What needs to be done: In the entries that follow, the lines from the one with "Sony F717 digi zrcadlovka - 5" through the one with "5 Bedroom Detached" are the ones to write out, exactly and with both ends included. Nothing else should appear.

Top of Records for processing

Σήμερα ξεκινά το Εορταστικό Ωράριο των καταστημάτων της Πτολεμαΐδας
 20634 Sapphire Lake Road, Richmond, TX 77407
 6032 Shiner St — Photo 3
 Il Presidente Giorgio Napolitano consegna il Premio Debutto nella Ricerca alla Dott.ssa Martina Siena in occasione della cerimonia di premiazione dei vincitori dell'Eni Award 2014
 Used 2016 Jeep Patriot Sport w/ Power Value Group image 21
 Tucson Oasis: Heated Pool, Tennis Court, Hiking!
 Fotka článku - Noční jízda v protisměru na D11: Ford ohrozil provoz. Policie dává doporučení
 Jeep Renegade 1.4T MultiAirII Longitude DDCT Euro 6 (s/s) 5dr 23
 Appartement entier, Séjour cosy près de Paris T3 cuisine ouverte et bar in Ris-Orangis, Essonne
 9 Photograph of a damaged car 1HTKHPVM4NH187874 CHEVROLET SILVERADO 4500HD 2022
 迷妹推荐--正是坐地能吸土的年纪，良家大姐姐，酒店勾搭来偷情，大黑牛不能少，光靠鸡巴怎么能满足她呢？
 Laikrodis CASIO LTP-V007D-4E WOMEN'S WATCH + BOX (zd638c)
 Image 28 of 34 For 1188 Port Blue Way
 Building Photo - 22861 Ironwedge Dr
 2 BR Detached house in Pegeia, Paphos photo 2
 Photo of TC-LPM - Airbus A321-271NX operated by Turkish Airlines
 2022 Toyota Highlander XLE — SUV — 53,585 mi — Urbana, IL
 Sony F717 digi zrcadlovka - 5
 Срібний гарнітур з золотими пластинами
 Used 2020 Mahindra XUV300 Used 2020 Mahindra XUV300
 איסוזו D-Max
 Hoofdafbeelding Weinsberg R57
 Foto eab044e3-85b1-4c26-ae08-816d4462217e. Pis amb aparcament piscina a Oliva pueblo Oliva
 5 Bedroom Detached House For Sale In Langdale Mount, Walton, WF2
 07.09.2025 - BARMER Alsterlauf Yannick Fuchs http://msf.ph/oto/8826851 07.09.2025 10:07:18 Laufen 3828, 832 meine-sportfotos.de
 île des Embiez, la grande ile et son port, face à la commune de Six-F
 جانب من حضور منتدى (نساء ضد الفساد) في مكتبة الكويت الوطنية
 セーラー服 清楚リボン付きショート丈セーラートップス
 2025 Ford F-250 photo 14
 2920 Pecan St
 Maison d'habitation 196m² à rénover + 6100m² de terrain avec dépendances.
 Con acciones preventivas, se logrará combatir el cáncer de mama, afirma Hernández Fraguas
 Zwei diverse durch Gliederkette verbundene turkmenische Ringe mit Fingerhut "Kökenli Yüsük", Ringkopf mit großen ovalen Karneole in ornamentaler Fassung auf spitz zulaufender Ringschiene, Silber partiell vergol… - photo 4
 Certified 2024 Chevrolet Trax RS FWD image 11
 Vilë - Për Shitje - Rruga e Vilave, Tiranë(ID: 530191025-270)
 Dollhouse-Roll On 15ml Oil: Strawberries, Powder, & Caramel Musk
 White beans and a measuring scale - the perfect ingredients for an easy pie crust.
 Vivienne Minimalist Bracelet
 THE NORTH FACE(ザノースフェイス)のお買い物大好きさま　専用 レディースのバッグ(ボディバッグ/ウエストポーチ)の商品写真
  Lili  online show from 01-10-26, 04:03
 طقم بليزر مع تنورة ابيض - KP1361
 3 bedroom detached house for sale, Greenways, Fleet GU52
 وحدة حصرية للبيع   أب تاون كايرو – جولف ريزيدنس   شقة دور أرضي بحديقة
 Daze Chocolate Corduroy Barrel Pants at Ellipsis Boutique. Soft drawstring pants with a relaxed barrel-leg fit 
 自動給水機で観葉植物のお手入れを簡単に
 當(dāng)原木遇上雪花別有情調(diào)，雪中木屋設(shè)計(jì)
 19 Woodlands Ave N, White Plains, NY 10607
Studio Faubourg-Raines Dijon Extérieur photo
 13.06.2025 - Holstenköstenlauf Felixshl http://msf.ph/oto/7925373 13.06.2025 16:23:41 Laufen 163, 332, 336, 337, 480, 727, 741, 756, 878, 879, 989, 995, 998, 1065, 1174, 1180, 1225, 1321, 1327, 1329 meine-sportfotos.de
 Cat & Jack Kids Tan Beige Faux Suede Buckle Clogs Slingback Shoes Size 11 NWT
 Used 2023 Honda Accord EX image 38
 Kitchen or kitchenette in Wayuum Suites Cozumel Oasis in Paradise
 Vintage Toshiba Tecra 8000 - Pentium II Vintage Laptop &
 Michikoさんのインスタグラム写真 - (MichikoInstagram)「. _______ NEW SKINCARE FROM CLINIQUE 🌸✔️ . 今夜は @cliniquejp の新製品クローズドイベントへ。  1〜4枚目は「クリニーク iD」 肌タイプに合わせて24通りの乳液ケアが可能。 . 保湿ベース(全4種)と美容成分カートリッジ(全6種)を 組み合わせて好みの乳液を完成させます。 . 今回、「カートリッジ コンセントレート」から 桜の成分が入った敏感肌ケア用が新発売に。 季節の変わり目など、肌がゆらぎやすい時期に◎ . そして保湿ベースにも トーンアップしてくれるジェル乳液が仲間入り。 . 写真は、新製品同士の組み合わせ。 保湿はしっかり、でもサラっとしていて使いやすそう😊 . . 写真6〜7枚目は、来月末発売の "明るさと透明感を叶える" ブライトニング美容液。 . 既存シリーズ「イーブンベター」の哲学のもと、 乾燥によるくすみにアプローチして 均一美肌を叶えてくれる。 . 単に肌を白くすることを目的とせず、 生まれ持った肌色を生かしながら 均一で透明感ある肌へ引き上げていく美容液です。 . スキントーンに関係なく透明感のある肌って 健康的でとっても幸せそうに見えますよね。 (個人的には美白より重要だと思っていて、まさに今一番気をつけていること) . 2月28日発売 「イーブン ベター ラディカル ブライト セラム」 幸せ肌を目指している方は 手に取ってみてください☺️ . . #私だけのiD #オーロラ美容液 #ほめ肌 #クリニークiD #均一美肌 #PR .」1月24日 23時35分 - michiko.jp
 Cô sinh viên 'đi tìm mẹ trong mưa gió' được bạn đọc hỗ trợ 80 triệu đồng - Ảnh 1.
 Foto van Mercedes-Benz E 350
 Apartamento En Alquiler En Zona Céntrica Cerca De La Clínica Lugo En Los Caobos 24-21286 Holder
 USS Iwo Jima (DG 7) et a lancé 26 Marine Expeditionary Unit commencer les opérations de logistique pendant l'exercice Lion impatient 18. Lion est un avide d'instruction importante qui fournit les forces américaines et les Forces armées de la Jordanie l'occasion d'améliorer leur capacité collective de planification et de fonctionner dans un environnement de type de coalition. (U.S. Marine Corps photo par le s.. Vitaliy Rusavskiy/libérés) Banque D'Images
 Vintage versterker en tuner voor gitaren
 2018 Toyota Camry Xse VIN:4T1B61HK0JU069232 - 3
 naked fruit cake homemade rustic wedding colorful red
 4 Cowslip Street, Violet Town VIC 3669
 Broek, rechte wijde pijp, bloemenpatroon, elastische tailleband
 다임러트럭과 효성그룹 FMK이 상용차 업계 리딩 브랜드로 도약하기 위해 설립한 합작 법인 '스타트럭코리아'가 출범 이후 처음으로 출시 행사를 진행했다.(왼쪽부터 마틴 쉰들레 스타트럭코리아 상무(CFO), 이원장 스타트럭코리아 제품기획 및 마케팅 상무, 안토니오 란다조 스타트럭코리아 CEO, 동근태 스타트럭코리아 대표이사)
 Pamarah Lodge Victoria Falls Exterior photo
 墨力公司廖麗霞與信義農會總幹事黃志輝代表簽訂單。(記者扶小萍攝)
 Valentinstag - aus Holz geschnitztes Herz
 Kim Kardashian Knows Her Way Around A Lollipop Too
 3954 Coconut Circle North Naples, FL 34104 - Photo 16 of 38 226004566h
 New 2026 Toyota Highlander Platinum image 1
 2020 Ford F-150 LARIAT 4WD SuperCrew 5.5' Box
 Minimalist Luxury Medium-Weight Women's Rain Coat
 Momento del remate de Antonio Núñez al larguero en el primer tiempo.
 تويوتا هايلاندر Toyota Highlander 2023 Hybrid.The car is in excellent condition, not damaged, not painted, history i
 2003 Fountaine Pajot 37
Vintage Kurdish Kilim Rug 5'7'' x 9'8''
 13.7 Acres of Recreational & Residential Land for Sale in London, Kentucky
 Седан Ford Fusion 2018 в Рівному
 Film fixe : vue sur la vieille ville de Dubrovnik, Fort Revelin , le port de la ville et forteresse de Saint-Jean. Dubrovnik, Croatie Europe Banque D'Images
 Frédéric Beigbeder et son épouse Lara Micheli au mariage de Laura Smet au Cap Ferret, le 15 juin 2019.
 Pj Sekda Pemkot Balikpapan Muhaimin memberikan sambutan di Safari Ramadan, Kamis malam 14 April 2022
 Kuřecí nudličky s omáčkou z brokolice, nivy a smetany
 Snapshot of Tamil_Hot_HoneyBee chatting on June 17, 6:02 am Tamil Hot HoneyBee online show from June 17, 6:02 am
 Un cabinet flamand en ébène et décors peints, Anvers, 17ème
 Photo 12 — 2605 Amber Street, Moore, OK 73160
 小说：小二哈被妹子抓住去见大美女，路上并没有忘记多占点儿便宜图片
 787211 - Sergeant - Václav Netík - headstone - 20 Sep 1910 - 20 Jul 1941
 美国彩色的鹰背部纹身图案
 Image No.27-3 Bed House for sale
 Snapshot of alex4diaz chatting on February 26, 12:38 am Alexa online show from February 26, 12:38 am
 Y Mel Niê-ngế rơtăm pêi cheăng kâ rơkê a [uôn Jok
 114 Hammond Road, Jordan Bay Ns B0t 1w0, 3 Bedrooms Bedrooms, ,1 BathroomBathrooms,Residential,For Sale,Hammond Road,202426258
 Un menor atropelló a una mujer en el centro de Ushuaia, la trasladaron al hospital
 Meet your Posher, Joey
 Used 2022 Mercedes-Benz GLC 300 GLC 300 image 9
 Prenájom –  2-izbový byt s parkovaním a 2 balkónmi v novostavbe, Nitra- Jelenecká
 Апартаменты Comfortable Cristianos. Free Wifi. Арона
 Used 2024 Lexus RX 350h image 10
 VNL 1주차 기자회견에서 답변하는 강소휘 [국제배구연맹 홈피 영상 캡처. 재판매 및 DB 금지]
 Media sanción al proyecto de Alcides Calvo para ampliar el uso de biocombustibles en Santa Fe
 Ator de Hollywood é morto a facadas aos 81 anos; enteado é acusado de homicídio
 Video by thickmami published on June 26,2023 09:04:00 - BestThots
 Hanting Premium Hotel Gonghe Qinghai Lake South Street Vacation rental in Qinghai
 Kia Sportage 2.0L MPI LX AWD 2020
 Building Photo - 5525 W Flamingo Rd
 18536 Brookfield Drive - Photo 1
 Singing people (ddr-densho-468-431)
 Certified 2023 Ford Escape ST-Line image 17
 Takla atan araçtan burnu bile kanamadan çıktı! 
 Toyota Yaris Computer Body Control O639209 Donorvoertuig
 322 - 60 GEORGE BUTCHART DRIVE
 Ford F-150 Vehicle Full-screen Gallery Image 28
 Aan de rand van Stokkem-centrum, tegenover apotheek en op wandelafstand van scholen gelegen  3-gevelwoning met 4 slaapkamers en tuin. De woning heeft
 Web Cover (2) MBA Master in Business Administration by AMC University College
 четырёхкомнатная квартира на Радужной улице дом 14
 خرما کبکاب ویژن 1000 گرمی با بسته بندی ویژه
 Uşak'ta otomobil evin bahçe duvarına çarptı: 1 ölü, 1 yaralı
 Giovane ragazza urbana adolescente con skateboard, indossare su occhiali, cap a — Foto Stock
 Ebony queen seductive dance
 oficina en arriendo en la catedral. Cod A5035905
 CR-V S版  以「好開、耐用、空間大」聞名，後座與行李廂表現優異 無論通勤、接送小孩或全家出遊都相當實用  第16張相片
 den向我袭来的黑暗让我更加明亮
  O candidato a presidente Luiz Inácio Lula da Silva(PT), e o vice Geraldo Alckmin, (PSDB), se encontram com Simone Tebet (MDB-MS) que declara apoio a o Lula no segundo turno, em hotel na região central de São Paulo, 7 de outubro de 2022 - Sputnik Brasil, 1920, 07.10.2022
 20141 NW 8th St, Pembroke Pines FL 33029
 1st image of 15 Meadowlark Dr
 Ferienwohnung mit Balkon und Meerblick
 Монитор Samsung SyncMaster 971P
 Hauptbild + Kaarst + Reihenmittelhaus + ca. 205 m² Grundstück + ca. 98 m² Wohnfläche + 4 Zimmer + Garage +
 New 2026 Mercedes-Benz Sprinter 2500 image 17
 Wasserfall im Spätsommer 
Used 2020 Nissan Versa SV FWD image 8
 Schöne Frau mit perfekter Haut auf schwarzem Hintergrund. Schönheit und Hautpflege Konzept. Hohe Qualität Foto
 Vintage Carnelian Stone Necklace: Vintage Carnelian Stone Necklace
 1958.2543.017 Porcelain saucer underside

Bottom of Records for processing

Answer section:
 Sony F717 digi zrcadlovka - 5
 Срібний гарнітур з золотими пластинами
 Used 2020 Mahindra XUV300 Used 2020 Mahindra XUV300
 איסוזו D-Max
 Hoofdafbeelding Weinsberg R57
 Foto eab044e3-85b1-4c26-ae08-816d4462217e. Pis amb aparcament piscina a Oliva pueblo Oliva
 5 Bedroom Detached House For Sale In Langdale Mount, Walton, WF2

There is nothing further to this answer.